Verified Facts
The tax rates in North Korea range from 5% to 30% for personal income, with a corporate tax rate of 14% and a value-added tax (VAT) rate of 4%, and expats need to understand the country's unique tax system and regulations to navigate their tax obligations.
Tax laws change frequently. Always consult a qualified tax professional for advice specific to your situation. This is a general guide only.
Quick Facts
Tax System Overview
North Korea has a territorial tax system, where individuals and businesses are taxed on their income earned within the country, regardless of their residency status. The tax system is designed to encourage foreign investment and trade, while also generating revenue for the government. The residency rules for tax purposes in North Korea are based on the individual's physical presence in the country, with individuals who spend more than 183 days in a calendar year considered tax residents.
The tax system in North Korea is complex and subject to change, with different tax rates and regulations applying to different types of income and businesses. The government has introduced various incentives to attract foreign investment, including tax holidays and reduced tax rates for certain industries. However, the tax system is also subject to international sanctions and restrictions, which can impact the ability of individuals and businesses to conduct international transactions.
Personal Income Tax
| Income Bracket (KPW) | Tax Rate |
|---|---|
| 0 - 50,000 | 5% |
| 50,001 - 100,000 | 10% |
| 100,001 - 200,000 | 15% |
| 200,001 - 500,000 | 20% |
| 500,001 and above | 30% |
| The personal income tax system in North Korea has a progressive tax rate structure, with higher income earners paying a higher tax rate. Individuals are entitled to deductions and allowances for certain expenses, such as housing and education costs.
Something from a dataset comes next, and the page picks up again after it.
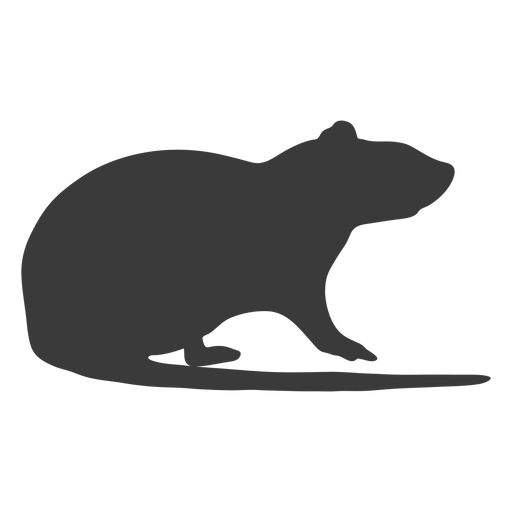 Mouse silhouette side view PNG Design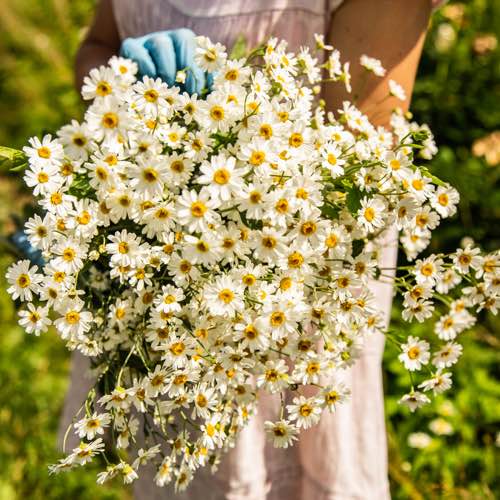 Александра post 3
The tax filing requirements in North Korea are relatively straightforward, with individuals required to file a tax return by the end of March each year. |
Corporate & Business Tax
- The corporate tax rate in North Korea is 14%, which is relatively low compared to other countries in the region.
- Small businesses and start-ups may be eligible for tax incentives, such as reduced tax rates or tax holidays, to encourage entrepreneurship and job creation.
- North Korea has established several free trade zones, which offer preferential tax treatment and other incentives to foreign investors.
- Businesses are required to register with the relevant tax authorities and obtain a tax identification number to conduct business in North Korea.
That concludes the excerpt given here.